**About this task**
Each line below from the "a spacious bedroom with a bed and a couch" line through the "view of patio / terrace with a lanai" line, those two included, must be restated word for word; the pictures must not be.

**Stored data**
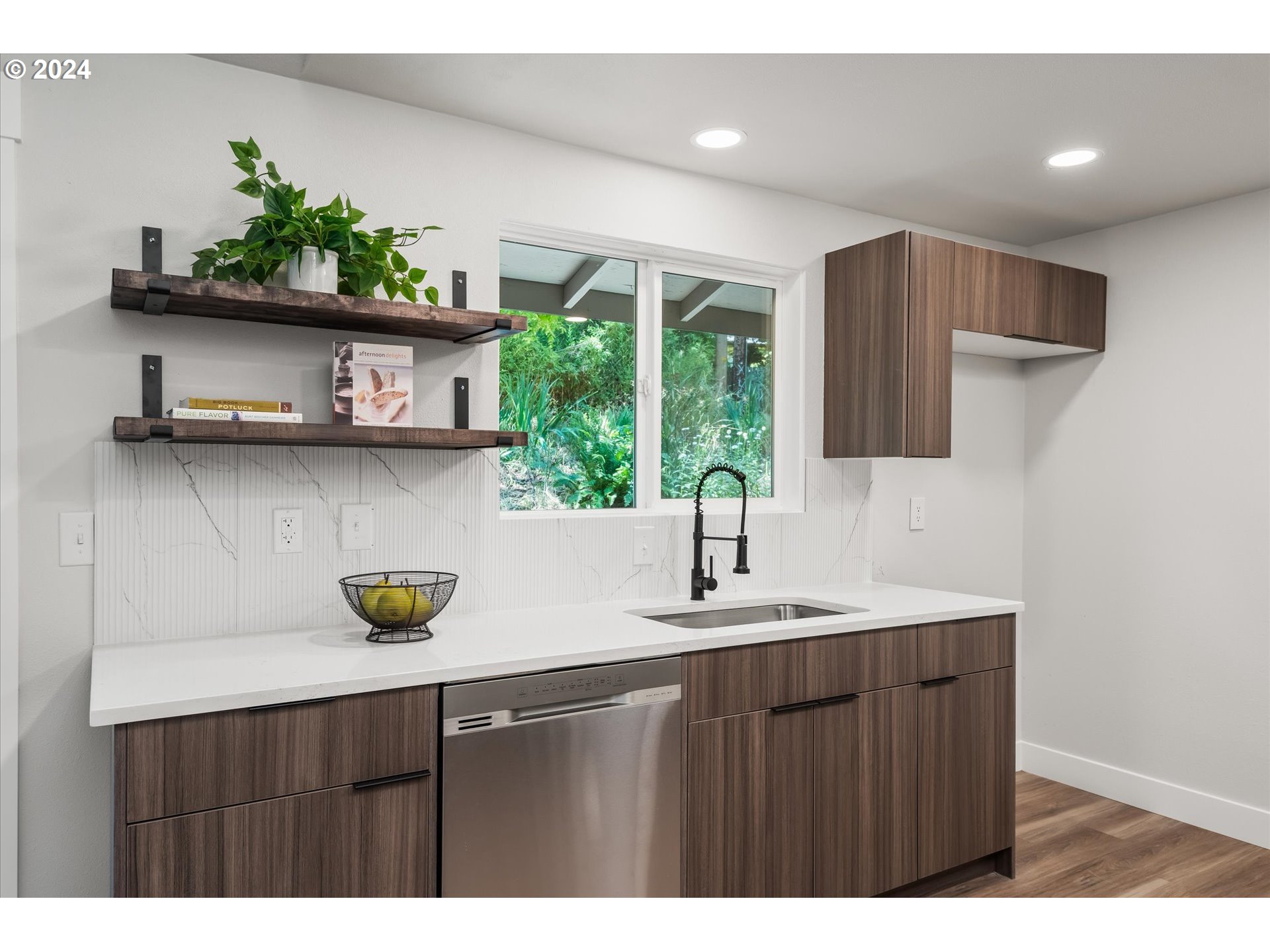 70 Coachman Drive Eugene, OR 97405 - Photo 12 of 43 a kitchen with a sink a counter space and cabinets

--

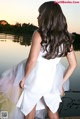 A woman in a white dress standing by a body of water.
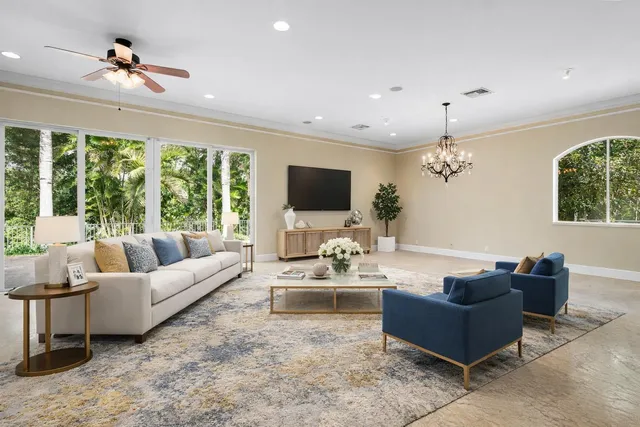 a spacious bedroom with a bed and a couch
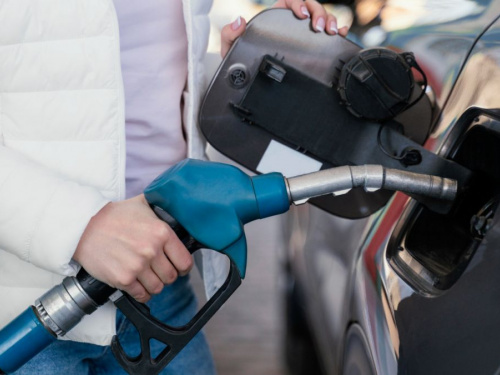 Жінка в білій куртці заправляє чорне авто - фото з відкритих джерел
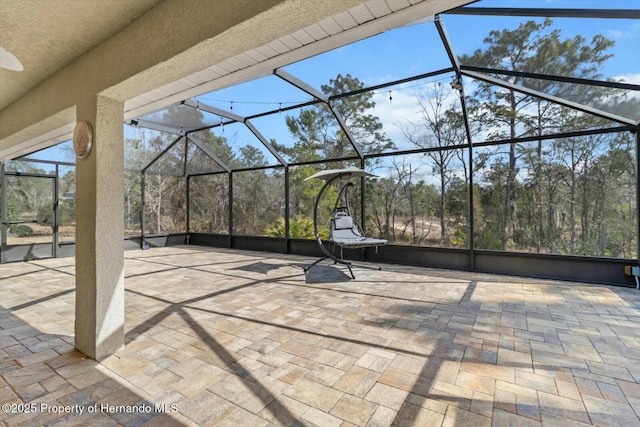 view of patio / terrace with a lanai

**Result of the exercise**
 a spacious bedroom with a bed and a couch
 Жінка в білій куртці заправляє чорне авто - фото з відкритих джерел
 view of patio / terrace with a lanai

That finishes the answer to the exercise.